[Tutor] SQLite, Python and SQL injection attacks
Cameron Simpson
cs at zip.com.au
Sat Aug 15 01:01:08 CEST 2015
On 14Aug2015 13:40, boB Stepp <robertvstepp at gmail.com> wrote:
>I was just looking at the sqlite3 docs at
>https://docs.python.org/3/library/sqlite3.html?highlight=sqlite#module-sqlite3
>and found the following cheery news:
>
>"Usually your SQL operations will need to use values from Python
>variables. You shouldn’t assemble your query using Python’s string
>operations because doing so is insecure; it makes your program
>vulnerable to an SQL injection attack ..."
>
>There followed this recommendation:
>
>"Instead, use the DB-API’s parameter substitution. Put ? as a
>placeholder wherever you want to use a value, and then provide a tuple
>of values as the second argument to the cursor’s execute() method..."
>
>I have to be honest -- I would have fallen into this potential trap if
>I had not read this. It is not clear to me yet how the recommendation
>avoids this issue. Does the placeholder enforce some sort of type
>checking so that arbitrary SQL strings will be rejected?

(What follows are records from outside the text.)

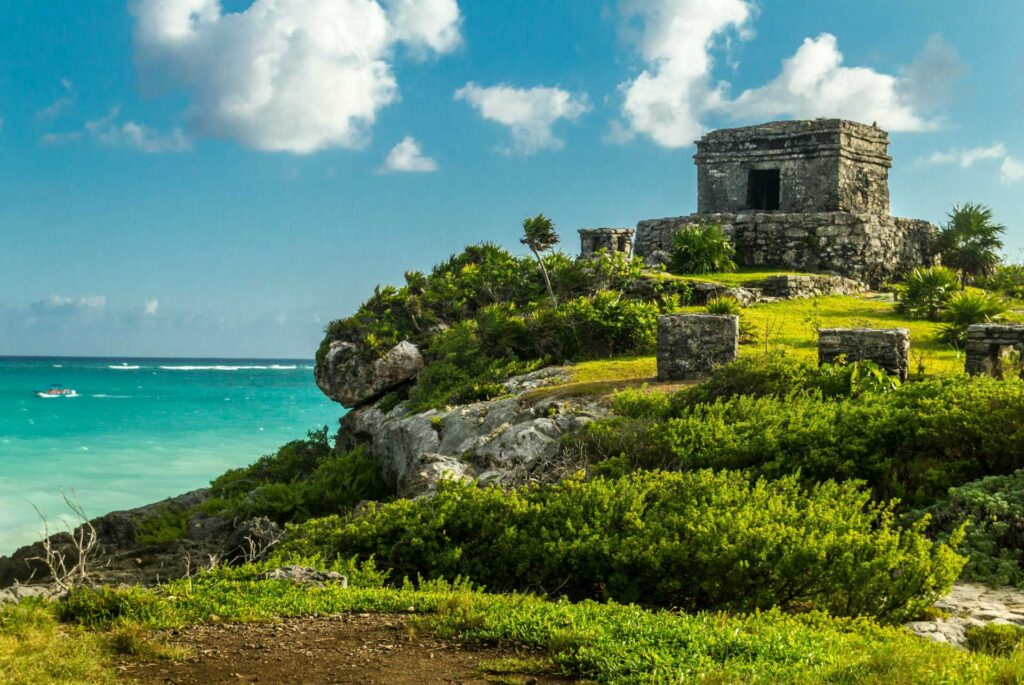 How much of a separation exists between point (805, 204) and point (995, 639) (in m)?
20.6

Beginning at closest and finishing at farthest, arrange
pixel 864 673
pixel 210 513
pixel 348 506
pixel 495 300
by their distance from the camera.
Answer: pixel 864 673 → pixel 348 506 → pixel 210 513 → pixel 495 300

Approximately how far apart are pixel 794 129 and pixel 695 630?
2212 cm

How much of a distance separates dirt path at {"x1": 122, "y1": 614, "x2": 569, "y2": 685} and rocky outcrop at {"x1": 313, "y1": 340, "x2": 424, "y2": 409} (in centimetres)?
1255

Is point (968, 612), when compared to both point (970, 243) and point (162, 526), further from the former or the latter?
point (970, 243)

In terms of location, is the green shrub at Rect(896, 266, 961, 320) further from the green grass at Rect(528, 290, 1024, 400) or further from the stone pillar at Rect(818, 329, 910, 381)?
the stone pillar at Rect(818, 329, 910, 381)

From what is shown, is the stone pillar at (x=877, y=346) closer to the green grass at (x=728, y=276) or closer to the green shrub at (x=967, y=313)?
the green shrub at (x=967, y=313)

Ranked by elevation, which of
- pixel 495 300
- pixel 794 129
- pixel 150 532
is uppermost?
pixel 794 129

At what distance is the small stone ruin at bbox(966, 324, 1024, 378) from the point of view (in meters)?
13.5

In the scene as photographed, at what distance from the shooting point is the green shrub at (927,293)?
66.7 feet

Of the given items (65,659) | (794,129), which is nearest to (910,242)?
(794,129)

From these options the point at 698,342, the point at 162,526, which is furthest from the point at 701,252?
the point at 162,526

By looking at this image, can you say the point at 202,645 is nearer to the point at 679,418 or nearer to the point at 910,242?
the point at 679,418

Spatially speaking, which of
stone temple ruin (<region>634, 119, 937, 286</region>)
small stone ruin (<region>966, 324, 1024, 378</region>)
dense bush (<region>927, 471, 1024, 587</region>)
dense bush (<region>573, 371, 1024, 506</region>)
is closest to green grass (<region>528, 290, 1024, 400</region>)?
small stone ruin (<region>966, 324, 1024, 378</region>)

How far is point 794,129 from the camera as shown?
993 inches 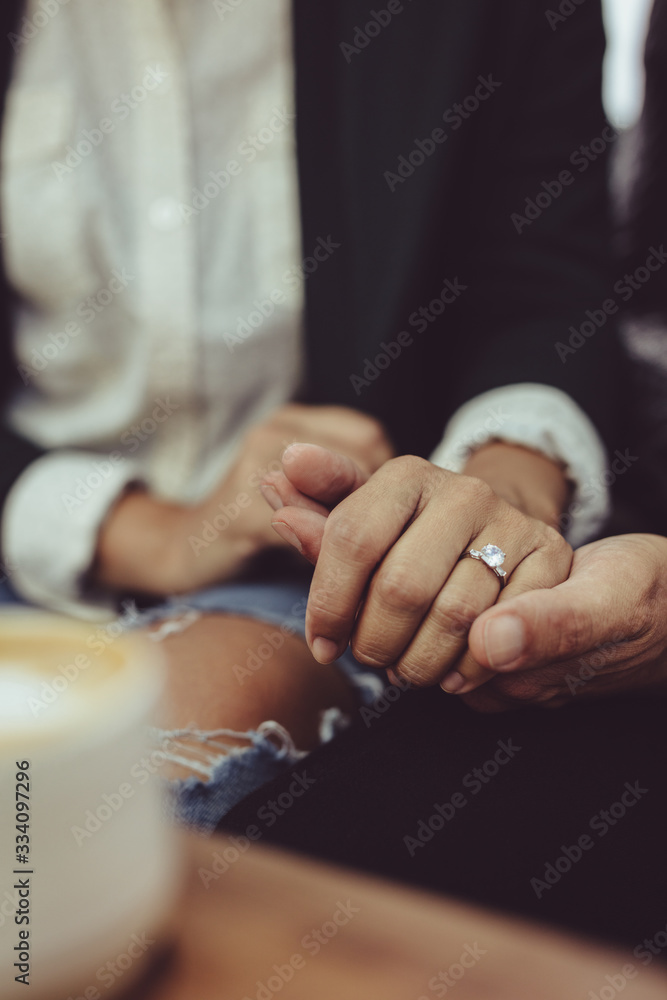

Well, better to say that it transcribes the values correctly, possibly with
some type checking. You run the same risk constructing shell command lines too,
which is why "shell=True" is generally discourages with subprocess.Popen.
So if you have:
SELECT FROM tablename WHERE columnvalue = ?
and you have it a python string like "foo;bah", the SQL API will take care of
quoting the string so that the ";" is inside the quotes. Likewise if the string
contains SQL end of string markers (quotes). And if the value cannot be
transcribed the API should raise an exception.
IN this way you know that the structure of the query has been preserved
correctly. _And_ you do not need to worry about quoting values (or otherwise
transcribing them) correctly; that is a solved and debugged problem.
You code is simpler and robust.
Cheers,
Cameron Simpson <cs at zip.com.au>
The Fano Factor, where theory meets reality.